Hosted by FCC Chairman Julius Genachowski and Secretary of Education Arne Duncan, the meeting fleshed out to transition all U.S. K-12 schools to a fully digital interactive learning environment within the next five years.
Attendees included representatives from tech heavyweights Apple, Samsung, Intel and Kno; publishers Houghton Mifflin Harcourt, McGraw-Hill, News Corp. and Pearson; telecoms Sprint and T-Mobile; and governmental bodies the LEAD Commission and the Idaho Department of Education, among others.
Chairman Genachowski and Secreatary Duncan issued the group a challenge to develop a low-cost, high quality solution for interactive digital textbooks consisting of device, content, connectivity, and technical support for use in America's classrooms.
According to an FCC-evaluated Project RED study, schools can save up to $250 per student per year if a digital ecosystem is implemented over the traditional textbook-and-paper used in classrooms today.
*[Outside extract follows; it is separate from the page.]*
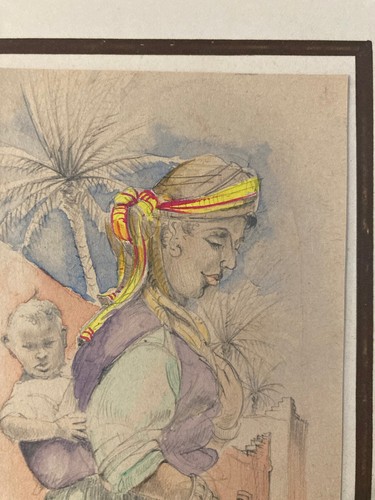 Beau dessin portrait - beau,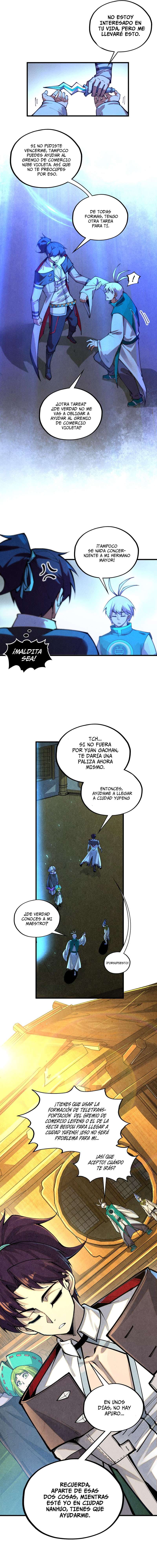 Read El Eterno Supremo ES Manga Online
Besides the initial cost savings, the prospect of upgrading to more current media in the future would be substantially less expensive than the current model which sees $7 billion spent in new textbooks each year. Digital textbooks would also enable a more uniform learning experience as new content can be pushed out nationwide at regular intervals.
A digital learning environment can reduce the amount of time it takes a student to learn a topic by up to 80 percent, said the Department of Education and a recent studies by the National Training and Simulation Association. A separate PBS study found that 93 percent of teachers believe that interactive whiteboards are positive learning tools, with 81 percent feeling the same about tablets.
iBooks textbooks are already available on Apple's iPad. | Source: Apple
While technology in the classroom has been found to be beneficial in the classroom, getting a new ecosystem up and running will take some time. To that end, the Leading Education by Advancing Digital (LEAD) Commission was established earlier in March to facilitate the rapid adoption of new media content in the education sector.
In January, the "Digital Textbook Playbook" was announced to help teachers bring technology to the classroom by taking down the "major barriers to the adoption of digital textbooks, including the challenge of connectivity, both at school, in the community, and at home; the challenge of device procurement; and the challenge of making the transition from paper to digital textbooks."
The Digital Textbook Playbook offers an outline of new media for the classroom. | Source: FCC
Apple has always been active in the education market, going as far as releasing classroom-specific computer models like the eMac and offering student and teacher product discounts. The company's latest education initiative, iBooks textbooks, was announced in January and could be a strong contender for the FCC and DOE plan. Of the major publishers at Thursday's discussion, three already offer content to through the iBooks store.